Bases: BaseOptimizer

Wrap an optimizer to update only a subset of parameters.

The wrapped optimizer computes a full update vector; PartialOptimizer masks that update so only selected indices in system.cs are changed.

Initialize the wrapper.

Parameters:

Name	Type	Description	Default
optimizer	BaseOptimizer	Base optimizer used to compute the full parameter update.	required
param_idx	jndarray | None	Indices of system.cs that should be updated. Provide an explicit array-like index (e.g. np.array([0, 2])).	None

Methods:

Name	Description
__getattr__	For attributes that aren't defined in this class, route access to the
__setattr__	For attributes that aren't defined in this class, route access to the

Source code in src/otf/optim/base.py

def __init__(
    self,
    optimizer: BaseOptimizer,
    param_idx: jndarray | None = None,
):
    """Initialize the wrapper.

    Parameters
    ----------
    optimizer
        Base optimizer used to compute the full parameter update.
    param_idx
        Indices of `system.cs` that should be updated. Provide an explicit
        array-like index (e.g. `np.array([0, 2])`).
    """
    # Define the attributes that belong to this class (versus those of the
    # wrapped class) so they can be distinguished and routed properly.
    super().__setattr__(
        "_own_attrs", {"_system", "system", "optimizer", "mask"}
    )
    super().__init__(optimizer.system)

    self.optimizer = optimizer

    n = len(self.optimizer.system.cs)
    self.mask = jnp.zeros(n, dtype=bool)
    self.mask = self.mask.at[param_idx].set(True)

__getattr__

__getattr__(name)

For attributes that aren't defined in this class, route access to the wrapped optimizer.

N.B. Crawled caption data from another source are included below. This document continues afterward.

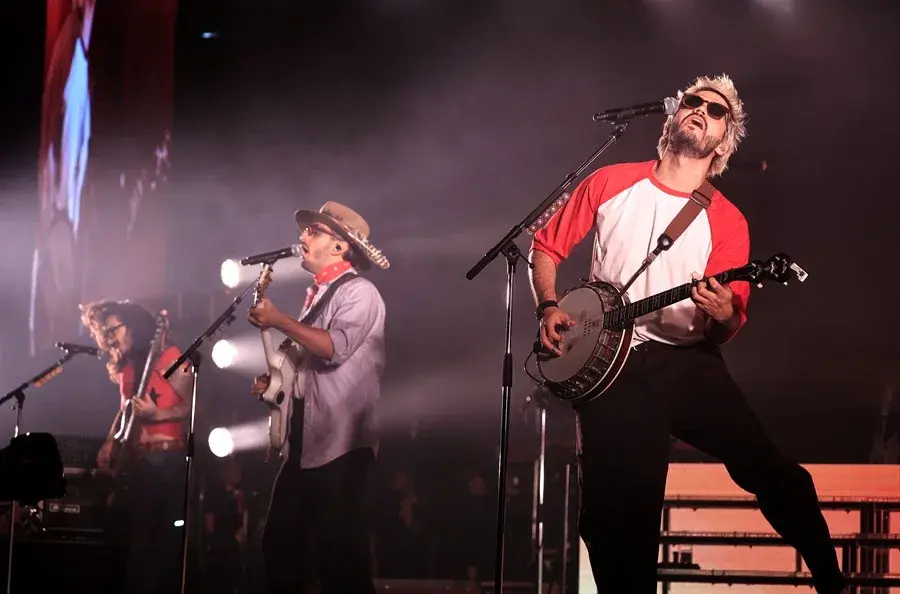 Morat destinará una parte de los ingresos de sus conciertos en Bogotá para reconstruir colegios tras el terremoto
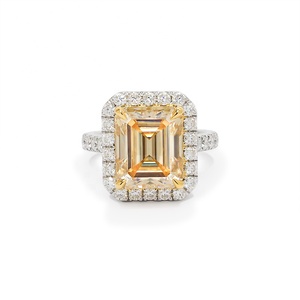 헤일로 링 대형 5ct 샴페인 컬러 에메랄드 컷 모이사나이트 실버 약혼 반지 - Product Image 1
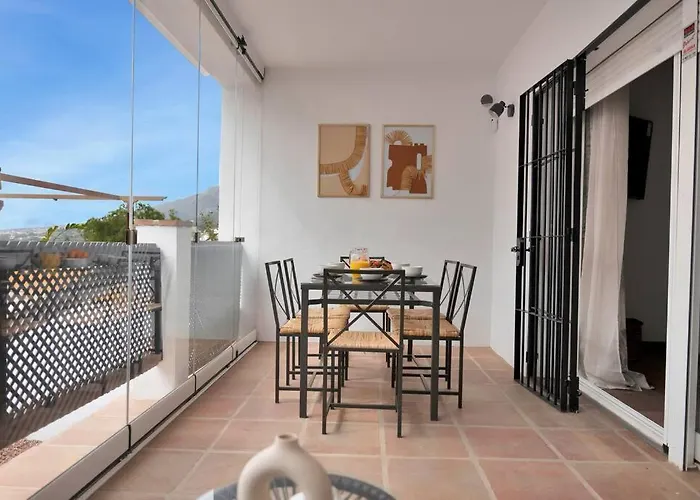 Adosado Con Solarium Y Piscina En Marbella Este - Vistamar 16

Source code in src/otf/optim/base.py

def __getattr__(self, name):
    """For attributes that aren't defined in this class, route access to the
    wrapped optimizer.
    """
    return getattr(self.optimizer, name)

__setattr__

__setattr__(name, value)

For attributes that aren't defined in this class, route access to the wrapped optimizer.

Source code in src/otf/optim/base.py

def __setattr__(self, name, value):
    """For attributes that aren't defined in this class, route access to the
    wrapped optimizer.
    """
    if name in self._own_attrs:
        super().__setattr__(name, value)
    else:
        setattr(self.optimizer, name, value)

Regularizer

Regularizer(
    system: BaseSystem,
    ord: int | float | Callable,
    prior: jndarray | None = None,
    callable_is_derivative: bool | None = None,
)

Bases: BaseOptimizer

Produce parameter-space penalties used as a regularization term.

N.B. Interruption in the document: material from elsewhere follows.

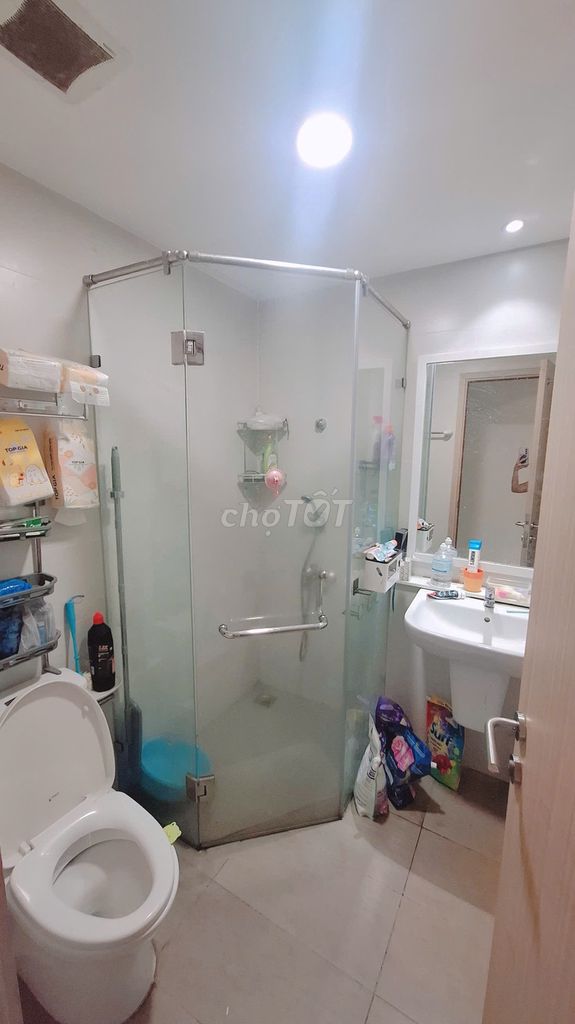 Rent a safira apartment, 67 feet, two bedrooms, two interior toilets near Full, for 10 million a month.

The step method returns the negative derivative of the regularization penalty (same shape as system.cs) and can be combined with a gradient-based optimizer.

Initialize a Regularizer.

Parameters:

Name	Type	Description	Default
ord	int | float | Callable	If an int/float, interpreted as the ord-norm penalty (1 or 2 supported explicitly). If a callable, see callable_is_derivative.	required
prior	jndarray | None	Optional prior parameter vector; penalty is applied to (cs - prior). If omitted, the prior is taken to be zero.	None
callable_is_derivative	bool | None	If ord is callable, set to True when ord already returns the derivative (an array shaped like system.cs); set to False when ord returns a scalar penalty and its derivative should be auto-differentiated.	None

Methods:

Name	Description
step	Return the negative derivative of the regularization penalty.

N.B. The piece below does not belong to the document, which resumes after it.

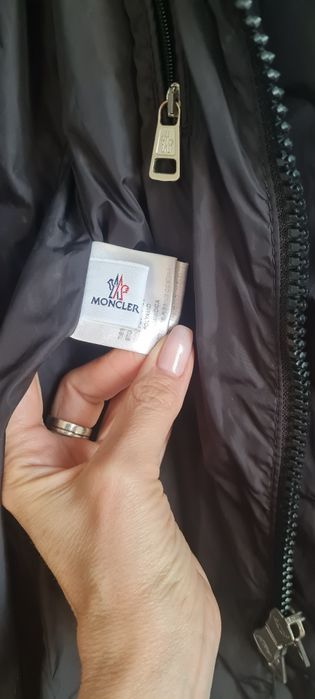 MONCLER ,Kenya field jacket ,тънко мъжко яке ,модел Kenya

Source code in src/otf/optim/base.py

def __init__(
    self,
    system: BaseSystem,
    ord: int | float | Callable,
    prior: jndarray | None = None,
    callable_is_derivative: bool | None = None,
):
    """Initialize a `Regularizer`.

    Parameters
    ----------
    ord
        If an int/float, interpreted as the `ord`-norm penalty (1 or 2
        supported explicitly). If a callable, see `callable_is_derivative`.
    prior
        Optional prior parameter vector; penalty is applied to `(cs -
        prior)`. If omitted, the prior is taken to be zero.
    callable_is_derivative
        If `ord` is callable, set to True when `ord` already returns the
        derivative (an array shaped like `system.cs`); set to False when
        `ord` returns a scalar penalty and its derivative should be
        auto-differentiated.
    """
    if prior is None:
        self._prior = jnp.zeros_like(system.cs)
    else:
        if prior.shape != system.cs.shape:
            raise ValueError(
                "`prior` should have same shape as `system.cs`"
            )
        self._prior = prior

    match ord:
        case int() | float():
            pass
        case Callable() if callable_is_derivative is None:
            raise ValueError(
                "`callable_is_derivative` must be a bool when `ord` is a "
                "callable"
            )
        case Callable() if callable_is_derivative:
            if ord(system.cs).shape != system.cs.shape:
                raise ValueError(
                    "`ord` must return an array of the same shape as the "
                    "parameters `system.cs`"
                )
        case Callable() if not callable_is_derivative:
            if not jnp.isscalar(ord(system.cs)):
                raise ValueError(
                    "`ord` must be scalar-valued since "
                    "`callable_is_derivative` is False"
                )
        case _:
            raise ValueError("`ord` is an invalid type")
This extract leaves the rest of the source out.